库祖
Kùzu is an embeddable, scalable, extremely fast graph database. It is permissively licensed with an MIT license, and you can see its source code here.
Key characteristics of Kùzu:
- Performance and scalability: Implements modern, state-of-the-art join algorithms for graphs.
- Usability: Very easy to set up and get started with, as there are no servers (embedded architecture).
- Interoperability: Can conveniently scan and copy data from external columnar formats, CSV, JSON and relational databases.
- Structured property graph model: Implements the property graph model, with added structure.
- Cypher support: Allows convenient querying of the graph in Cypher, a declarative query language.
Get started with Kùzu by visiting their documentation.
设置
Kùzu 是一个嵌入式数据库(它在进程中运行),因此无需管理服务器。安装以下依赖项即可开始使用:
pip install -U langchain-kuzu langchain-openai langchain-experimental
这将安装 Kùzu 以及与之集成的 LangChain,同时还会安装 OpenAI 的 Python 包,以便我们可以使用 OpenAI 的大型语言模型(LLMs)。如果你想使用其他大型语言模型提供商的服务,可以安装它们各自对应的、与 LangChain 集成的 Python 包。
以下是您如何首先在本地计算机上创建 Kùzu 数据库并连接到它的方法:
import kuzu
db = kuzu.Database("test_db")
conn = kuzu.Connection(db)
创建 KuzuGraph
Kùzu与LangChain的集成使得从非结构化文本创建和更新图变得方便,并且还可以通过利用LangChain的LLM链功能的Text2Cypher管道查询图。首先,我们创建一个KuzuGraph对象,该对象使用上面创建的数据库对象以及KuzuGraph构造函数。
from langchain_kuzu.graphs.kuzu_graph import KuzuGraph
graph = KuzuGraph(db, allow_dangerous_requests=True)
假设我们要将以下文本转换为图:
text = "Tim Cook is the CEO of Apple. Apple has its headquarters in California."
我们将使用 LLMGraphTransformer 来利用大型语言模型(LLM)从文本中提取节点和关系。

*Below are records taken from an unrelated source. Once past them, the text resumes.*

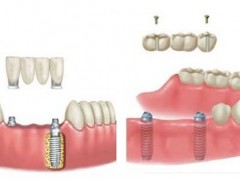 多颗牙没了什么补牙方法好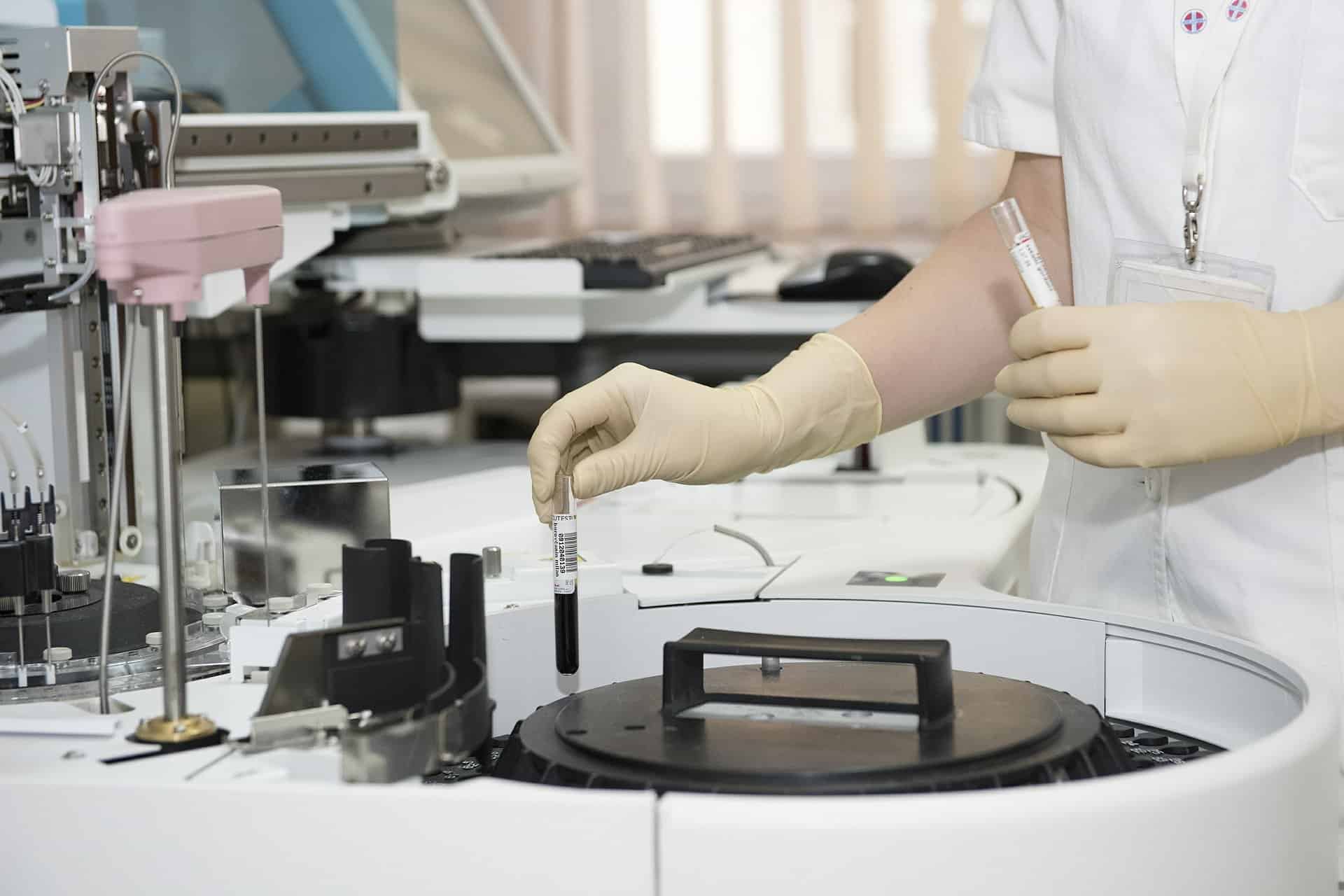 237 nuevos casos de coronavirus elevan el total a 668 en Castilla y León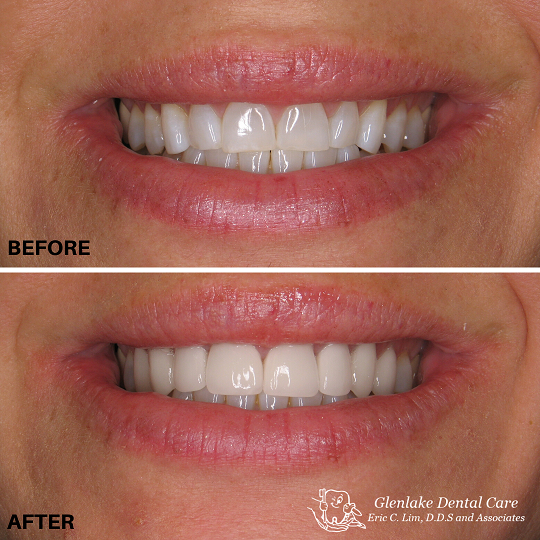 Images Glenlake Dental Care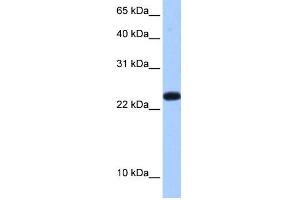 WB Suggested Anti-C19orf24 Antibody Titration:  0. (C19orf24 抗体  (N-Term))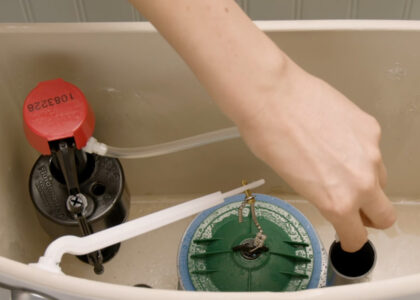 valve replacement Sydney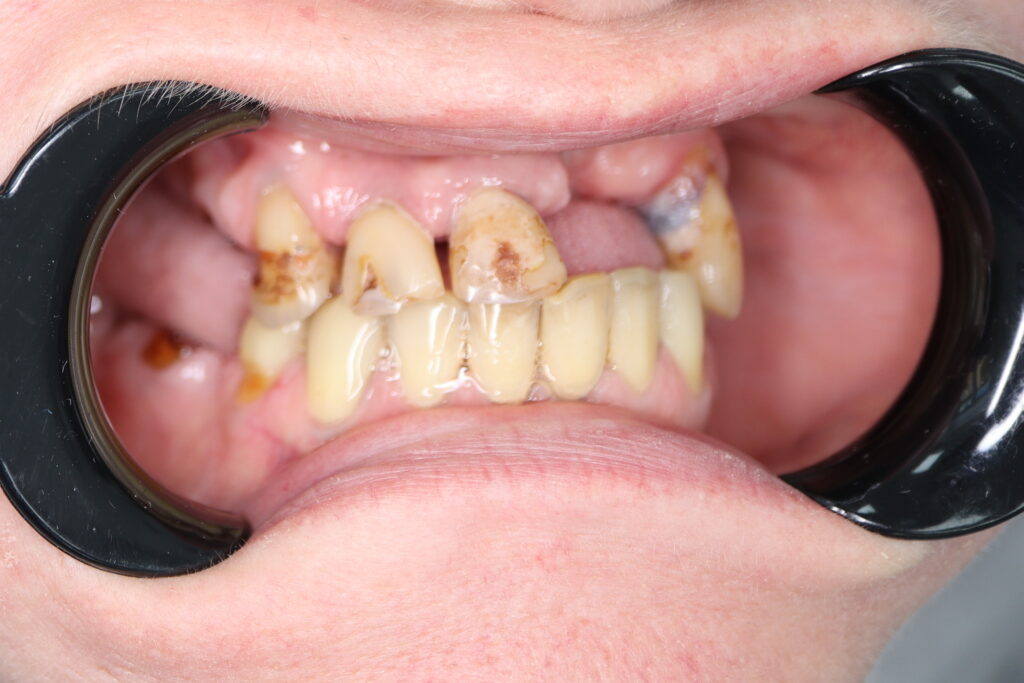 пациент до тотальной имплантации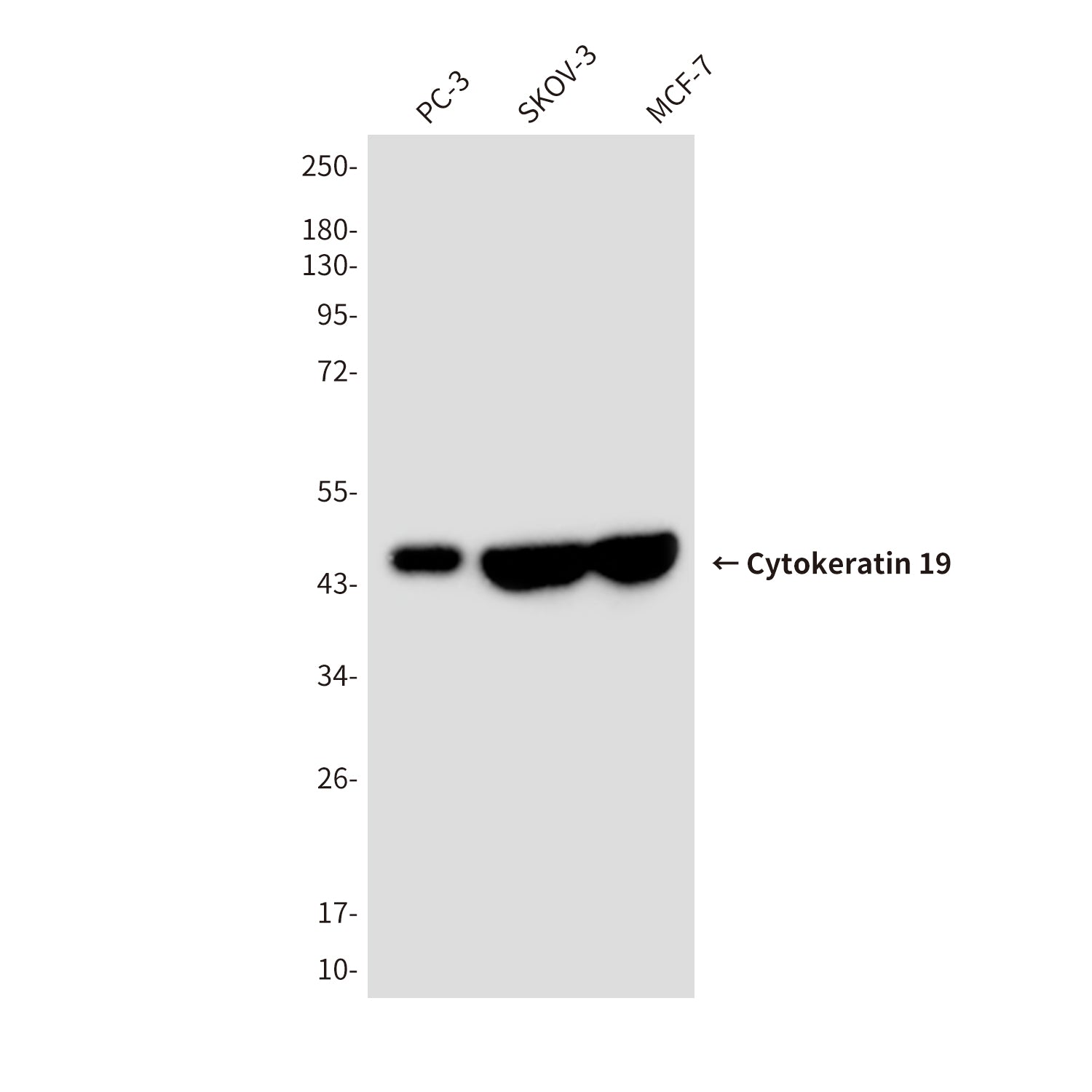Anti-Cytokeratin 19 (10G10) Mouse Monoclonal Antibody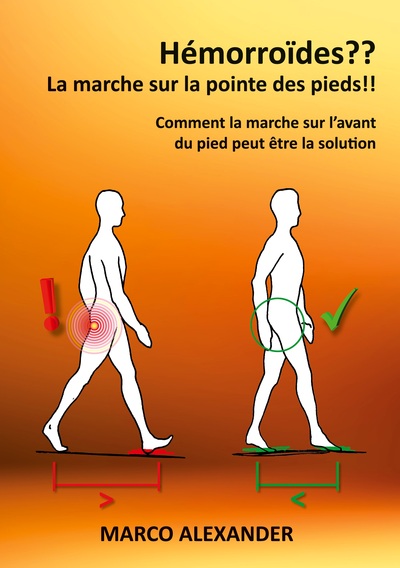 Image de Hémorroïdes ?? La marche sur la pointe des pieds !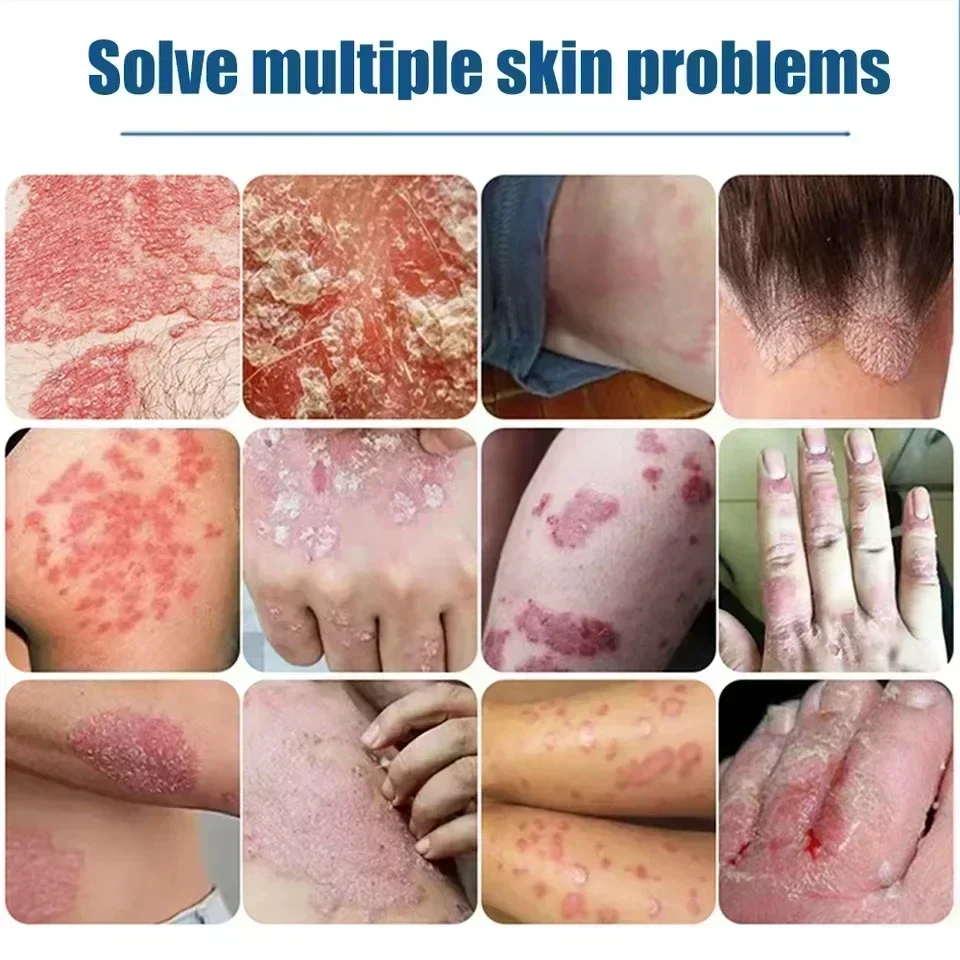 Самый эффективный здоровый дневной крем натуральный травяной антибактериальный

为了使图谱更有用,我们将定义以下模式,使得大型语言模型只会
提取与模式匹配的节点和关系。
# Define schema
allowed_nodes = ["Person", "Company", "Location"]
allowed_relationships = [
("Person", "IS_CEO_OF", "Company"),
("Company", "HAS_HEADQUARTERS_IN", "Location"),
]
LLMGraphTransformer 类提供了一种方便的方法,可以将文本转换为图文档列表。
from langchain_core.documents import Document
from langchain_experimental.graph_transformers import LLMGraphTransformer
from langchain_openai import ChatOpenAI
# Define the LLMGraphTransformer
llm_transformer = LLMGraphTransformer(
llm=ChatOpenAI(model="gpt-4o-mini", temperature=0, api_key=OPENAI_API_KEY), # noqa: F821
allowed_nodes=allowed_nodes,
allowed_relationships=allowed_relationships,
)
documents = [Document(page_content=text)]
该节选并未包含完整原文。